# Available data
Start of Block

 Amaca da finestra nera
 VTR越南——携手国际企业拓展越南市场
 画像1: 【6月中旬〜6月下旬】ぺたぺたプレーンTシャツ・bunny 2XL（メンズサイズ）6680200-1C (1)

End of Block

# Work task
Give back the entire listing verbatim.

# Response
 Amaca da finestra nera
 VTR越南——携手国际企业拓展越南市场
 画像1: 【6月中旬〜6月下旬】ぺたぺたプレーンTシャツ・bunny 2XL（メンズサイズ）6680200-1C (1)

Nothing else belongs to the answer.